Results 140 children had responded to this survey (61.6% of our IBD patients). 84 children had Crohn’s disease, 35 had Ulcerative colitis and 21 had IBD unclassified. Majority of these children (90/140) were on immunosuppressive treatments. 61 children (44%) had received seasonal influenza vaccination in that winter. 21 of them received in October, 20 in November, 13 in December and 3 in January. Out of the 79 children who have not received the influenza vaccine, 42 were not aware of the need for vaccination and did not have the influenza vaccine in the previous winters as well. 10 children were aware of the need for the influenza vaccine; however they opted not to receive the vaccine. 14 children intended to receive the vaccine, however this was deferred due to various reasons like intercurrent illness, family bereavement and difficulties experienced the General Practice surgery. Only one IBD patient needed hospitalisation in 2011 and 2012 with Influenza infection, however this was in July before the vaccination had started.

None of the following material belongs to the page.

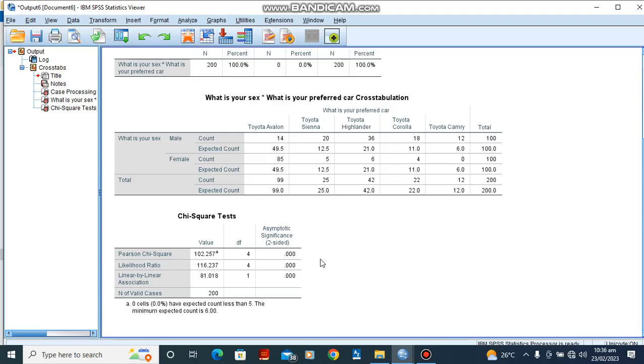That is how to run chi-square tests in SPSS. Thank you very much. If you have any questions please drop your question in the comment section.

Conclusion Department of Health advises influenza vaccination for immunosuppressed individuals and also for children with medical conditions, who may need treatment with steroids for more than a month. European Crohn’s and Colitis Organisation (ECCO) recommend influenza vaccination for IBD patients on immunomodulators. Experience from Philadelphia, Boston and Poland show that good, but variable, antibody response occurs after influenza vaccination in children and better protection occurs against type A strains. Side effects, both local and systemic, are generally mild. Experience from Australia and Germany show that the seasonal flu vaccination uptake in IBD patients are generally low, 10% and 16% respectively. We would like to hear from other centres about their experience of influenza vaccination uptake in IBD patients. Further efforts need to be done to increase the awareness of influenza vaccination in patients with IBD.

Influenza vaccination uptake in our IBD patients are better than reported from other centres, however further work needs to be done both locally and nationally to improve the influenza vaccination uptake.